:: PROBLEM TO SOLVE ::
Write out the lines below once more, exactly as they appear. Do not include pictures.

Start of Block

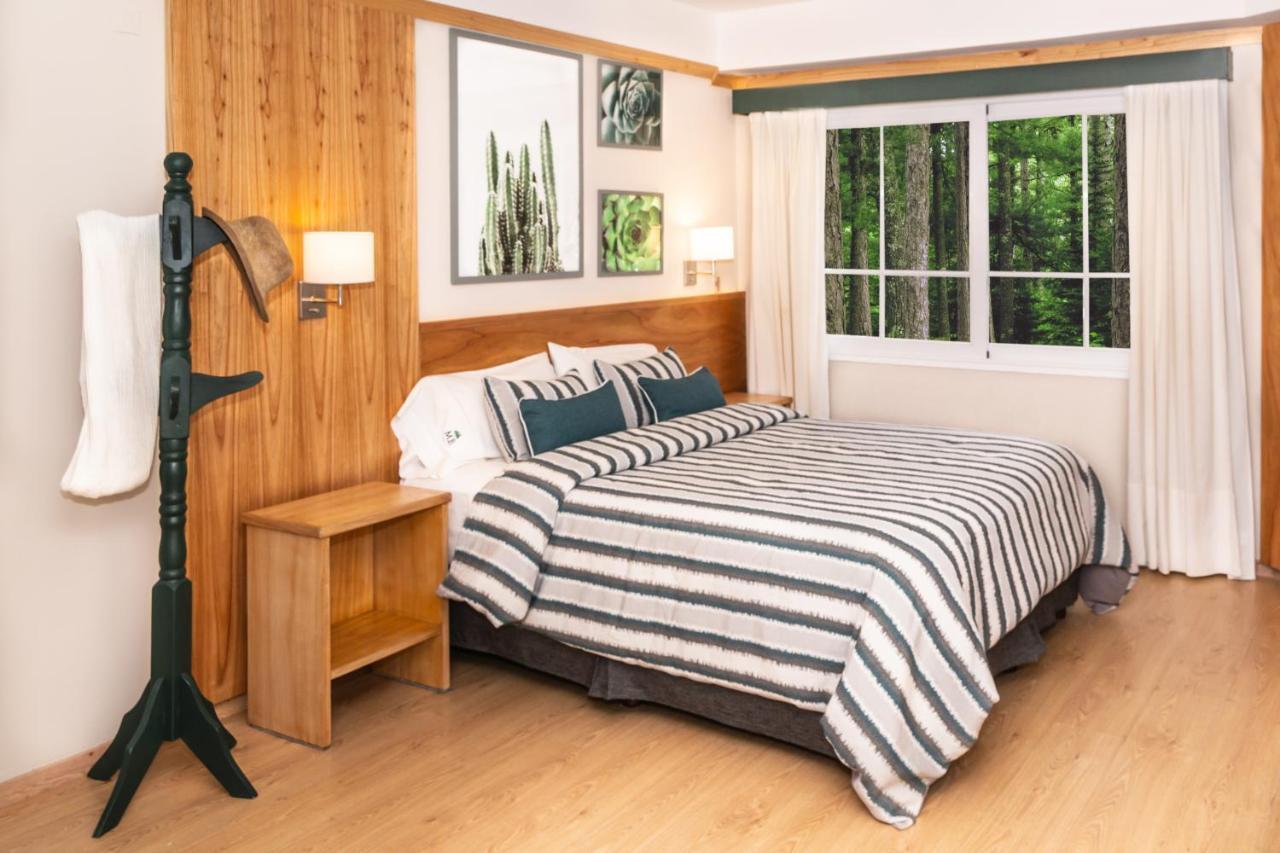 Miradores Del Bosque Apart & Spa Mar de Las Pampas Zewnętrze zdjęcie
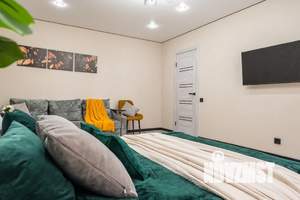 1-к квартира, посуточно, 37м2, 9/9 этаж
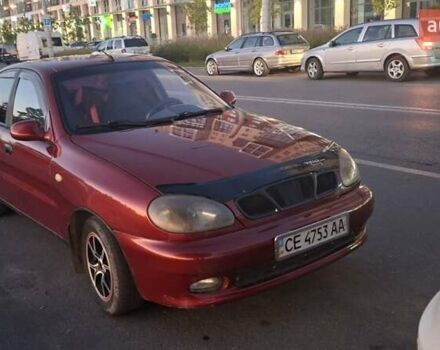 Красный Дэу Сенс, объемом двигателя 1.3 л и пробегом 175 тыс. км за 2250 $, фото 16 на Automoto.ua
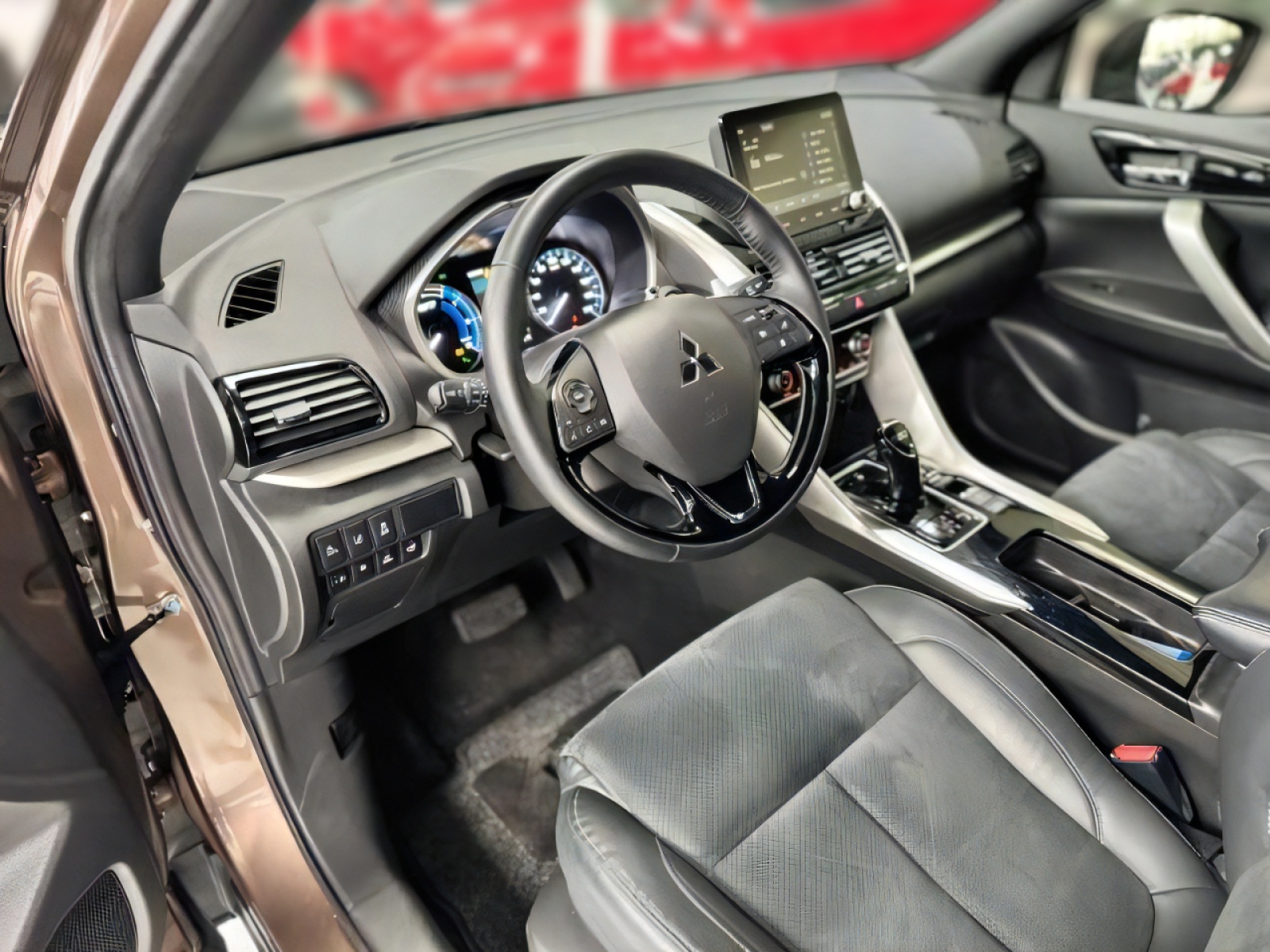 Mitsubishi Eclipse 1.7 Cross Mitsubishi Plug-In Hybrid Plus MJ2m Select-l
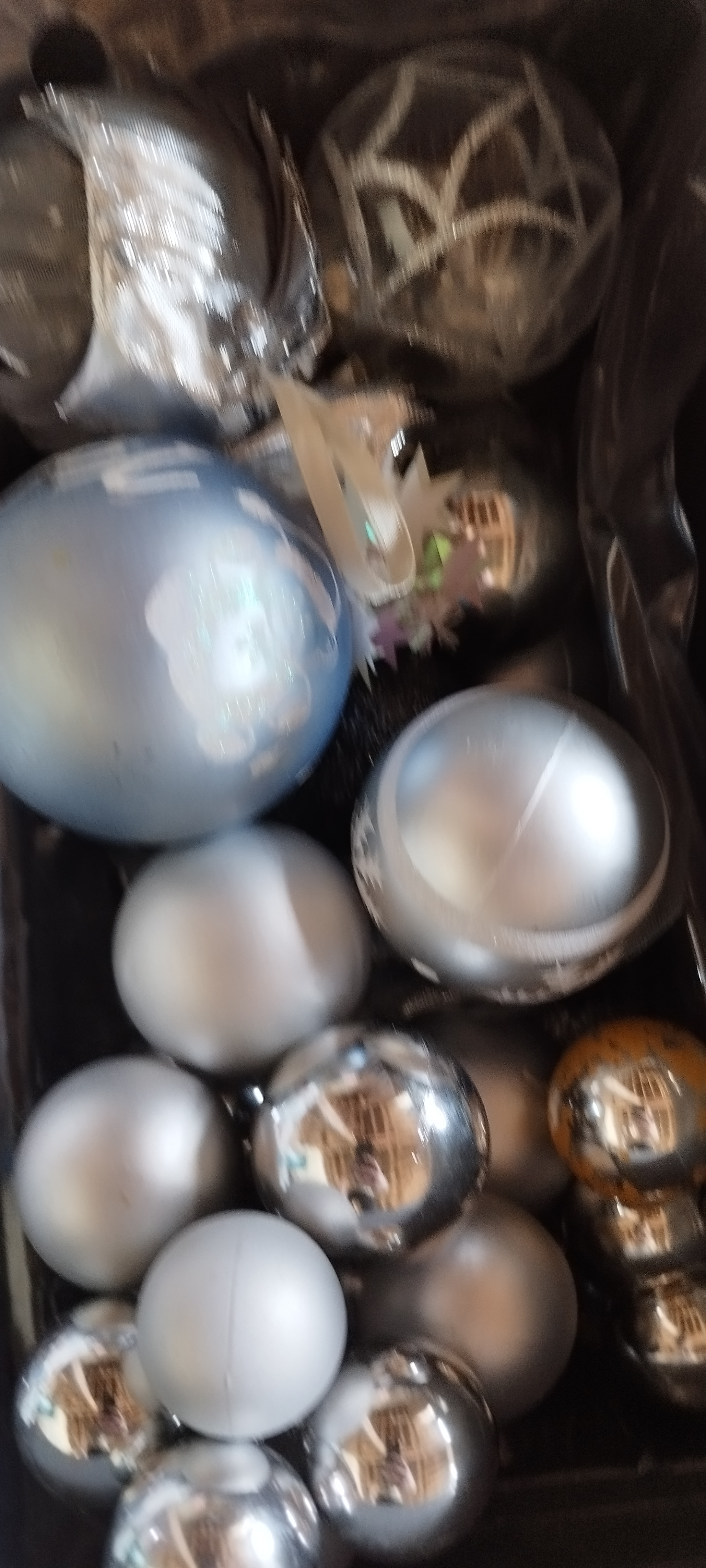 Boule grise
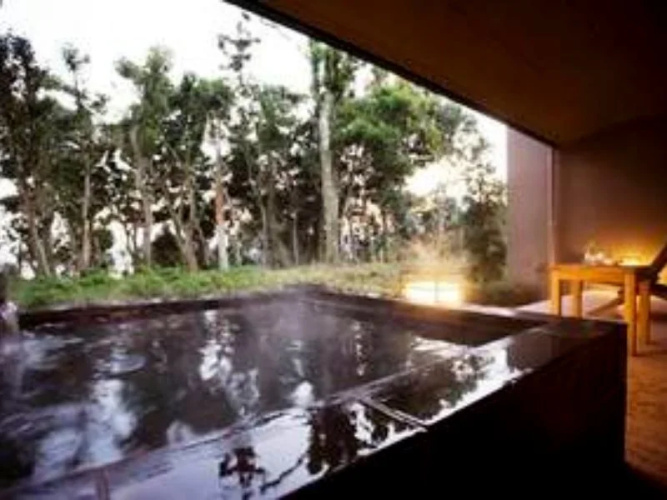 Oyado The Earth Hotel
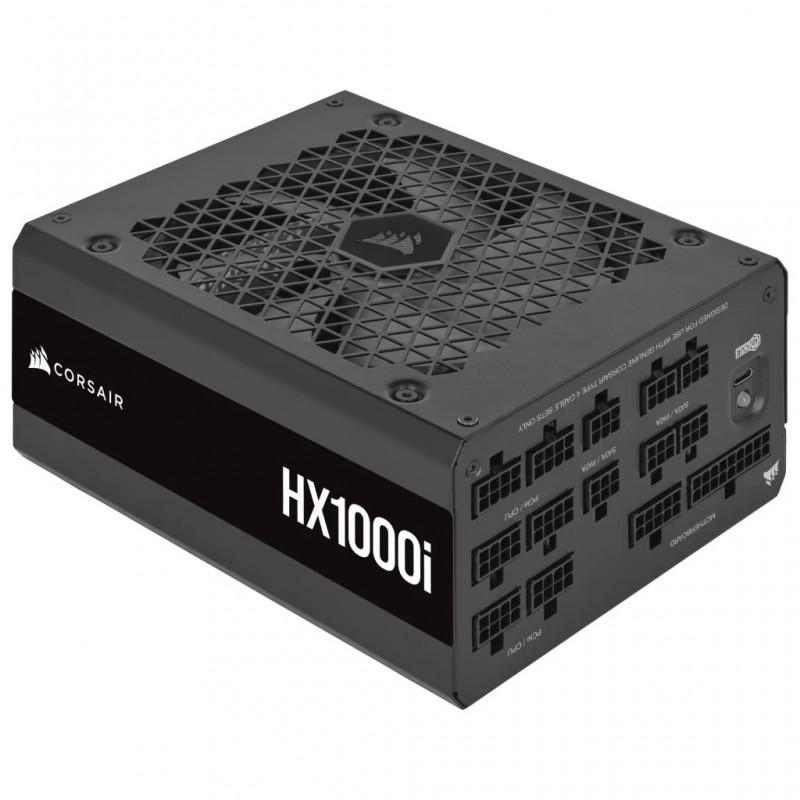 Fuente alimentacion corsair hx1000i gaming atx 1000w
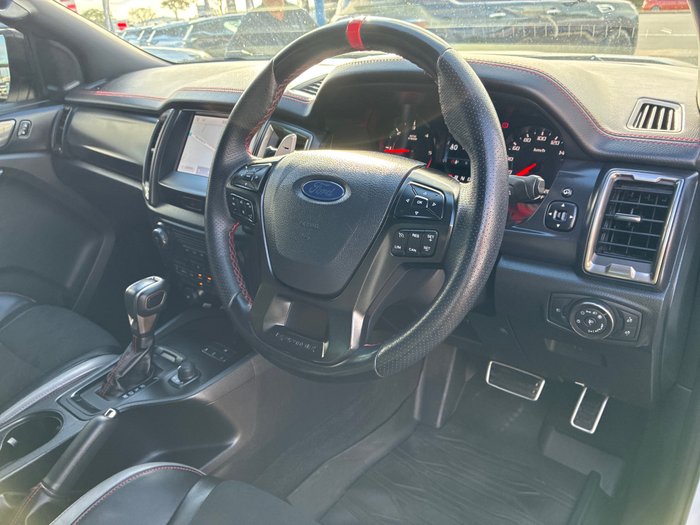 2021 Ford Ranger Raptor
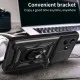 Husa pentru Realme C51 / Note 50 - Techsuit CamShield Series - Black Husa pentru Realme C51 / Note 50 - Techsuit CamShield Series - Black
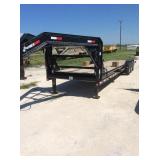 2024 Load Trail 28ft. Carhauler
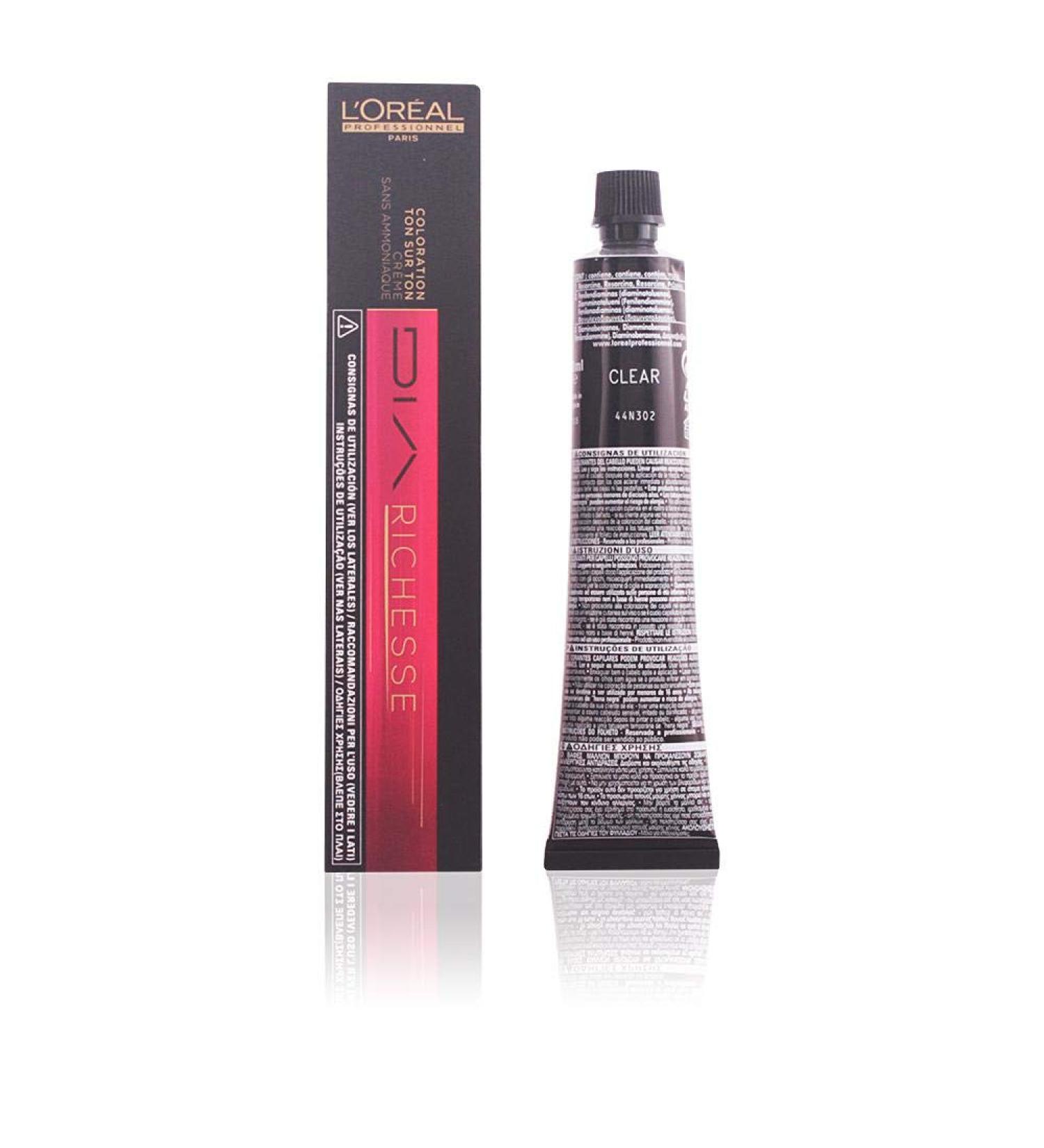  L'OR AL L'Or al Paris Dia Richesse Clear 50 ml - Buy Online on GoSupps.com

End of Block

:: WRITTEN REPLY ::
 Miradores Del Bosque Apart & Spa Mar de Las Pampas Zewnętrze zdjęcie
 1-к квартира, посуточно, 37м2, 9/9 этаж
 Красный Дэу Сенс, объемом двигателя 1.3 л и пробегом 175 тыс. км за 2250 $, фото 16 на Automoto.ua
 Mitsubishi Eclipse 1.7 Cross Mitsubishi Plug-In Hybrid Plus MJ2m Select-l
 Boule grise
 Oyado The Earth Hotel
 Fuente alimentacion corsair hx1000i gaming atx 1000w
 2021 Ford Ranger Raptor
 Husa pentru Realme C51 / Note 50 - Techsuit CamShield Series - Black Husa pentru Realme C51 / Note 50 - Techsuit CamShield Series - Black
 2024 Load Trail 28ft. Carhauler
  L'OR AL L'Or al Paris Dia Richesse Clear 50 ml - Buy Online on GoSupps.com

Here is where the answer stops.